[DTensor] Support user-supplied Generator for random ops #159933

wconstab · 2025-08-06T04:45:55Z

Stack from ghstack (oldest at bottom):

-> [DTensor] Support user-supplied Generator for random ops #159933

If the user provides a generator kwarg to a random op (e.g.
nn.init.uniform_(..., generator=my_generator)), we can still advance
that generator's state in a SPMD-global way so that each local-tensor
gets appropriate values and the generator advances to the same state as
if it had operated on the full tensor.

cc @H-Huang @awgu @wanchaol @fegin @fduwjj @wz337 @d4l3k @pragupta

If the user provides a generator kwarg to a random op (e.g. nn.init.uniform_(..., generator=my_generator)), we can still advance that generator's state in a SPMD-global way so that each local-tensor gets appropriate values and the generator advances to the same state as if it had operated on the full tensor. [ghstack-poisoned]
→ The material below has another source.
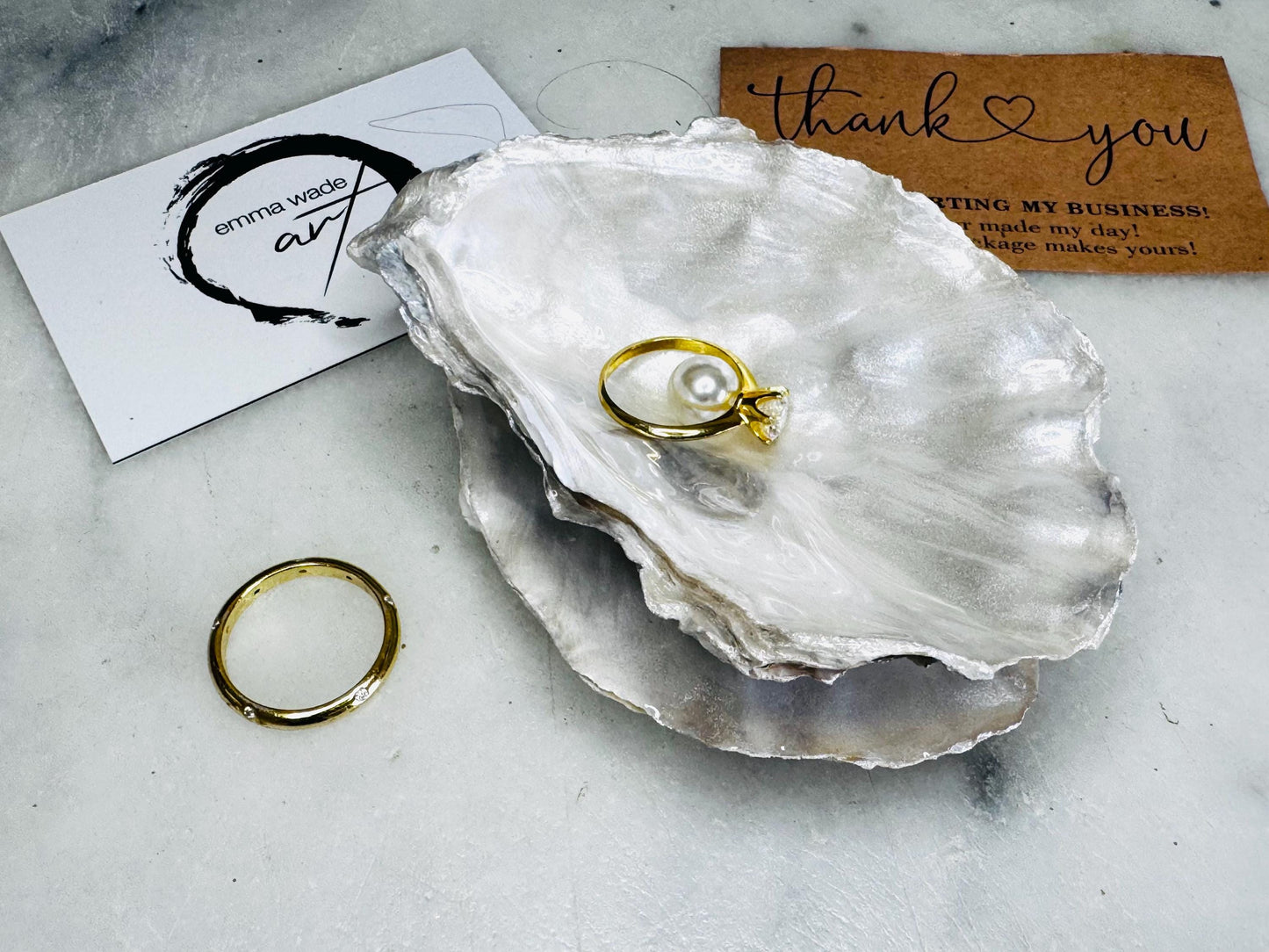 Shell Decor, ocean decor, proposal ring box, ring box, pearl box, gift for her, keepsake box, wedding gift, ring bearer box, Engagement ring box, oyster jewellery box, oyster ring box, pearl anniversary gift, Shell Jewellerybox, EmmaWadeART, oyster ring bear box, oyster ring tray, shell jewelry box, pearl ring box, real pearl ring box, wedding ring tray, wedding ring box, engagement ring box, oyster proposal ring box, ocean wedding, gold gilded shell box, oyster trinket box, oyster trinket tray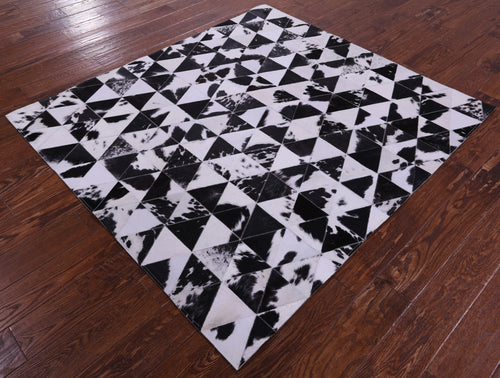Black & White Patchwork Natural Cowhide Rug - 4' 11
pytorch-bot · 2025-08-06T04:45:59Z

🔗 Helpful Links

🧪 See artifacts and rendered test results at hud.pytorch.org/pr/159933

📄 Preview Python docs built from this PR
📄 Preview C++ docs built from this PR
❓ Need help or want to give feedback on the CI? Visit the bot commands wiki or our office hours

Note: Links to docs will display an error until the docs builds have been completed.
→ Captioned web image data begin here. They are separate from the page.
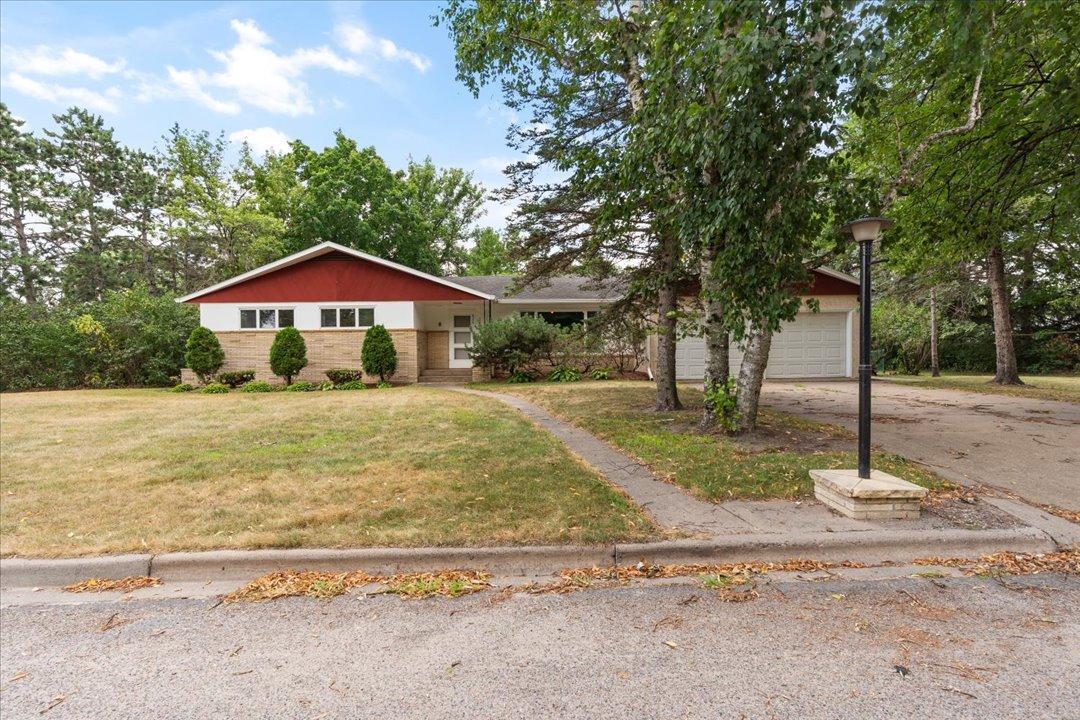 824 Willow Street Property Photo 1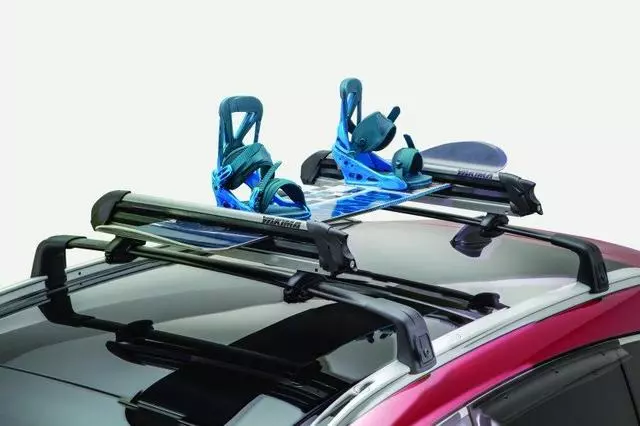 1U021ADU00 - Hauling: Roof Rack Crossbars-Black W/O Sunroof for Kia: Sorento Image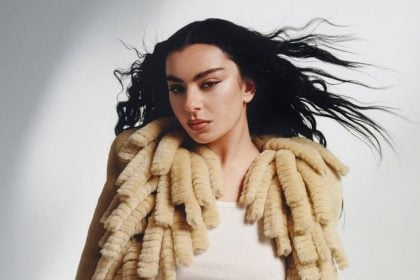 Charli XCX em sessão fotográfica de sua capa para Variety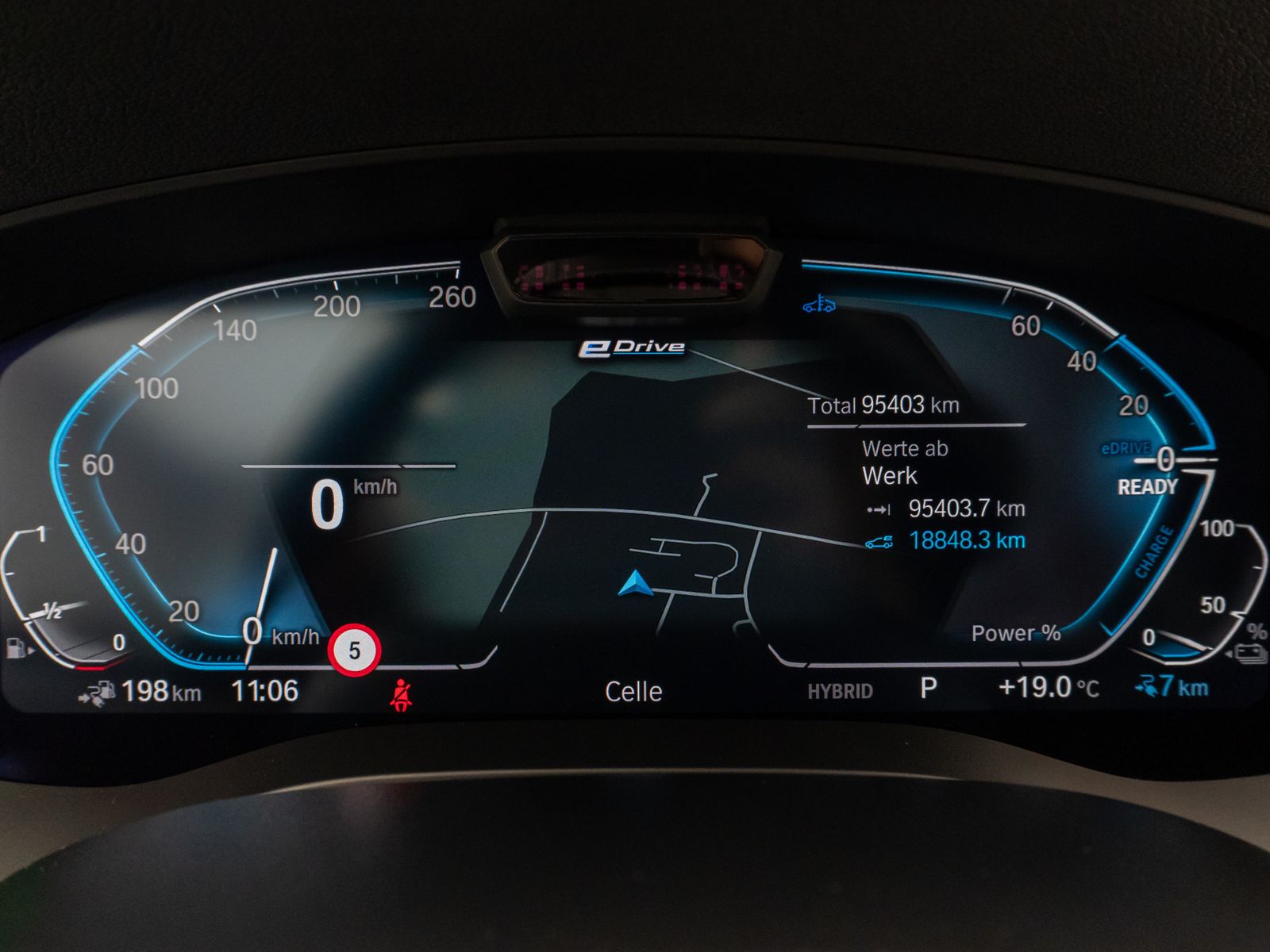 Fahrzeugabbildung BMW 520e  Laser 360° HUD DAB H/K ACC Alarm Komfort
✅ You can merge normally! (3 Unrelated Failures)

As of commit 7a01a13 with merge base 908c5cc ():

UNSTABLE - The following jobs are marked as unstable, possibly due to flakiness on trunk:

Check Labels / Check labels (gh) (#159894)
RuntimeError: GraphQL query
Check mergeability of ghstack PR / ghstack-mergeability-check (gh) (#159899)
RuntimeError: GraphQL query
pull / linux-jammy-py3_9-clang9-xla / test (xla, 1, 1, linux.12xlarge, unstable) (gh) (#158876)
/var/lib/jenkins/workspace/xla/torch_xla/csrc/runtime/BUILD:476:14: Compiling torch_xla/csrc/runtime/xla_util_test.cpp failed: (Exit 1): gcc failed: error executing CppCompile command (from target //torch_xla/csrc/runtime:xla_util_test) /usr/bin/gcc -U_FORTIFY_SOURCE -fstack-protector -Wall -Wunused-but-set-parameter -Wno-free-nonheap-object -fno-omit-frame-pointer -g0 -O2 '-D_FORTIFY_SOURCE=1' -DNDEBUG -ffunction-sections ... (remaining 229 arguments skipped)

This comment was automatically generated by Dr. CI and updates every 15 minutes.
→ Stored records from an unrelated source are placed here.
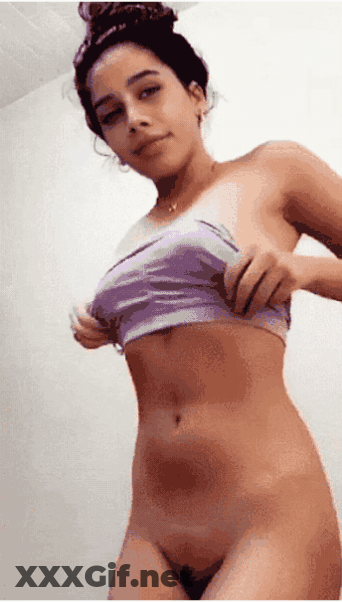 Big Boobs Babe Flashes Her Nipples - See Her Beautiful Face GIF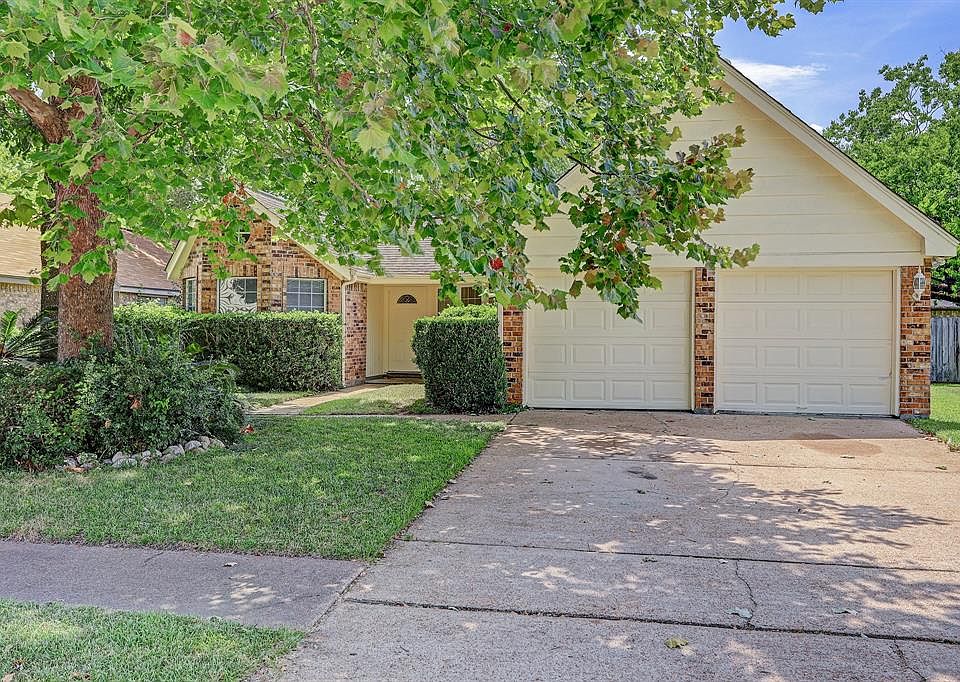 1st image of 3010 Warbler Ln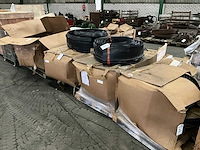 Rubberen spatbord profiel op rol - afbeelding 1 van  6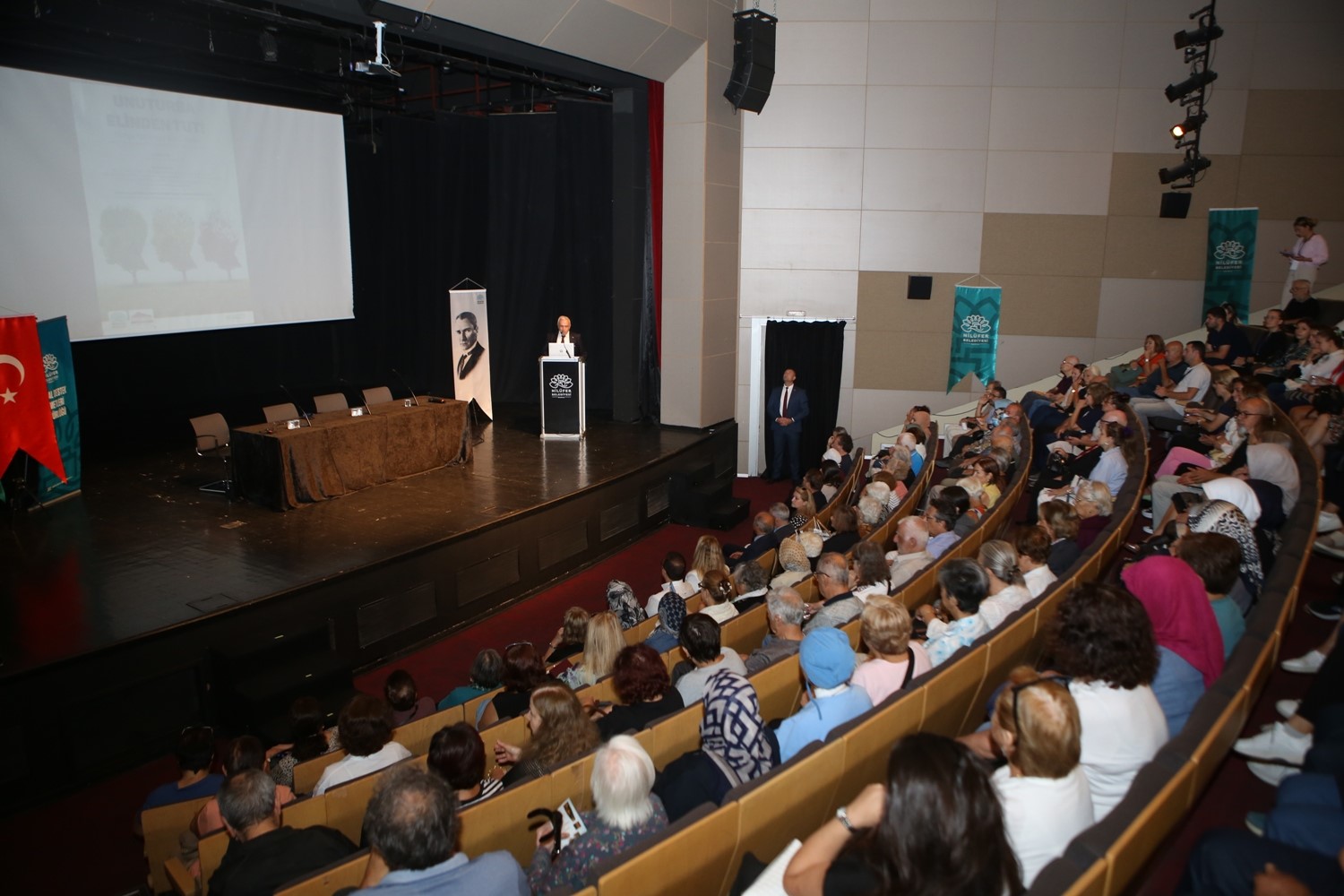 “Alzheimer hastalığı toplumsal bir sorun”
If the user provides a generator kwarg to a random op (e.g. nn.init.uniform_(..., generator=my_generator)), we can still advance that generator's state in a SPMD-global way so that each local-tensor gets appropriate values and the generator advances to the same state as if it had operated on the full tensor. ghstack-source-id: b93f34f Pull Request resolved: #159933

test/distributed/tensor/test_random_ops.py

wconstab · 2025-08-06T06:07:59Z

torch/distributed/tensor/_random.py


-    def _distribute_region(self, spec: DTensorSpec):
+    def _distribute_region(
+        self, spec: DTensorSpec, generator: Optional[torch.Generator]


Missing =None

XilunWu

Overall LGTM. Let me know if you need quick unblock.

We need to explicitly tell users to initialize the generator passed in with the same seed, or we add this functionality to our manual_seed API but users still need to be aware of this.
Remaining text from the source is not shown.